Pillenhändler wider Willen APOTHEKE ADHOC, 07.03.2009 16:53 Uhr
Im Rems-Murr-Kreis bei Stuttgart sind unbescholtene Bürger ohne Wissen zu illegalen Arzneimittelversendern geworden: Wie die Polizeidirektion Waiblingen mitteilte, hatte eine Bande jahrelang gefälschte Medikamente an Empfänger in der ganzen Welt verschickt und dabei als Absenderadresse willkürlich ausgesuchte Anschriften von unbeteiligten Privatpersonen verwendet.
Der Fall flog auf, als sich Anfang 2007 mehr als 50 Personen bei der Polizei meldeten, die unaufgefordert Briefe und Päckchen mit jeweils 90 Tabletten erhalten hatten. Die Sendungen, denen englische Beipackzettel beigelegt waren und die fast immer Adressen von Privatpersonen in den USA trugen, waren als unzustellbar an die unwissenden Absender zurückgeschickt worden.
Die Analyse der Tabletten ergab, dass es sich um einen in Deutschland nicht zugelassenen Appetitzügler handelte. Auf dem Beipackzettel waren mitunter andere Wirkstoffe angegeben; einige Tabletten enthielten gar keinen Wirkstoff.
Die Staatsanwaltschaft Stuttgart beantragte beim zuständigen Amtsgericht eine Postbeschlagnahme. Innerhalb kurzer Zeit wurden danach allein im Rems-Murr-Kreis rund 18.000 Briefsendungen aus dem Verkehr gezogen, die solche Tabletten enthielten.
Nach intensiven Recherchen konnten die tatsächlichen Versender identifiziert werden: Die Spur führte nach Winnenden, wo Mitte Juli 2007 mehrere Betriebs- und Wohnräume durchsucht wurden.
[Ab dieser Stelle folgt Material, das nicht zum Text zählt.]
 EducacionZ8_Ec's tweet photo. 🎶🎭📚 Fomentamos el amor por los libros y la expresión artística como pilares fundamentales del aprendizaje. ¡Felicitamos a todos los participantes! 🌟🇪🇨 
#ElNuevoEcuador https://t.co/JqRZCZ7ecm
Die Ermittler fanden 800 Kilogramm gefälschter Potenz-, Haarwuchs- und Schlankheitsmittel sowie Versandmaterial und eine große Menge Beipackzettel. Auch in Wien wurden Objekte durchsucht, von denen aus ein Teil der Bande ebenfalls gefälschte Tabletten verschickt hatte.
Der 38 Jahre alte Haupttatverdächtige, ein israelischer Staatsangehöriger, wurde nach zwei Wochengegen Auflagen aus der Untersuchungshaft entlassen und hat sich mittlerweile ins Ausland abgesetzt. Gegen seine 31-jährige Schwägerin sowie zwei weitere Personen wird ermittelt. Zwei weitere Männer aus Wien werden derzeit per Haftbefehl gesucht.
Insgesamt wurden im Zuge der Ermittlungen 1300 Kilogramm gefälschte Medikamente beschlagnahmt, die teilweise in China hergestellt wurden. Die Polizei schätzt den Wert auf acht Millionen US-Dollar (rund 6,3 Millionen Euro).